What are some signs that a therapist may have poor boundaries with their clients?

Frequent phoning or texting of clients to “check up on them and make sure they’re OK.”

Obsessing about clients outside of work hours.

Disclosing feelings, fantasies, and experiences to the client in ways not related to the work the client is engaged in.

What are the easiest stores for shoplifting?

Session-expressed curiosities about client details not relevant to the therapy.

Routinely going over the time limit with certain patients, compromising the time for the next client.

General Introduction to Boundaries from Panahi Counseling:

What are some great short jokes?

These items can happen fleetingly, briefly, in any therapy, but if they’re frequent, it’s definitely time for the therapist to get some good, solid supervision/consultation.

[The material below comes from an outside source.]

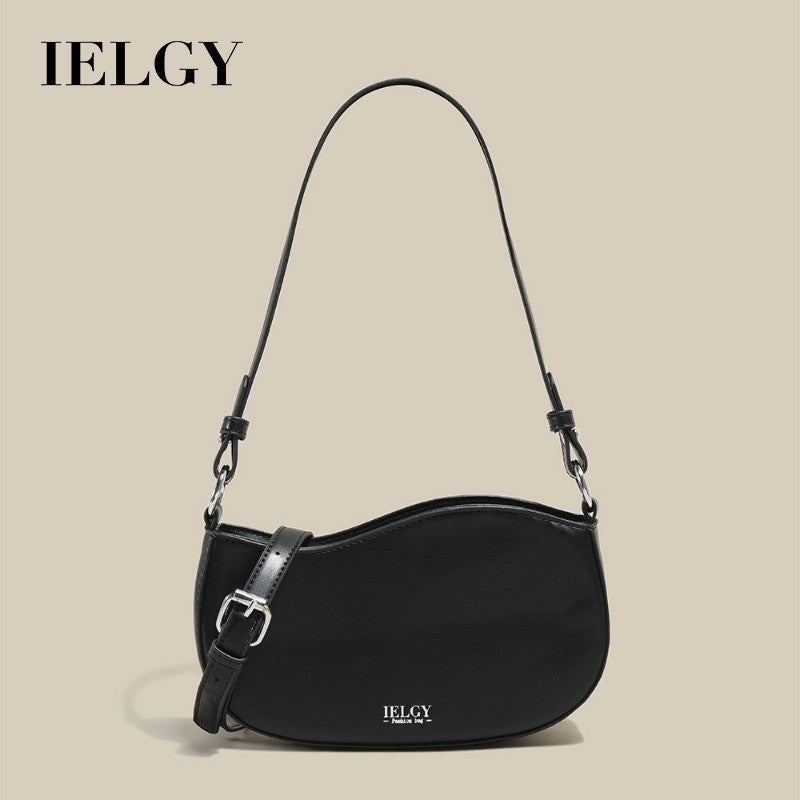 Ielgy Fashion Ladies Portable One-Shoulder Underarm Bag All-Match Cross-Body Bag Dumpling Bag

Eager anticipation (or anxious anticipation) of the next session in ways that distract.

Struggling with fantasies of deeper connections with clients, whether sexual or parental or other intense or intimate relationships beyond psychotherapy.

Did your siblings abuse you growing up? Not your parents, specifically your siblings, or other children in the household you were raised with.

Sense of competition with persons who are important in the client’s life.

Failing to mention the client in supervision/consultation, out of fear the supervisor/consultant will advise return to ordinary healthy boundaries.

Off the top of my ancient head:

Why do flat-earth conspiracy theorists believe that photos from space, including those of satellites, are fake?

Serious disappointment when the client cancels a session.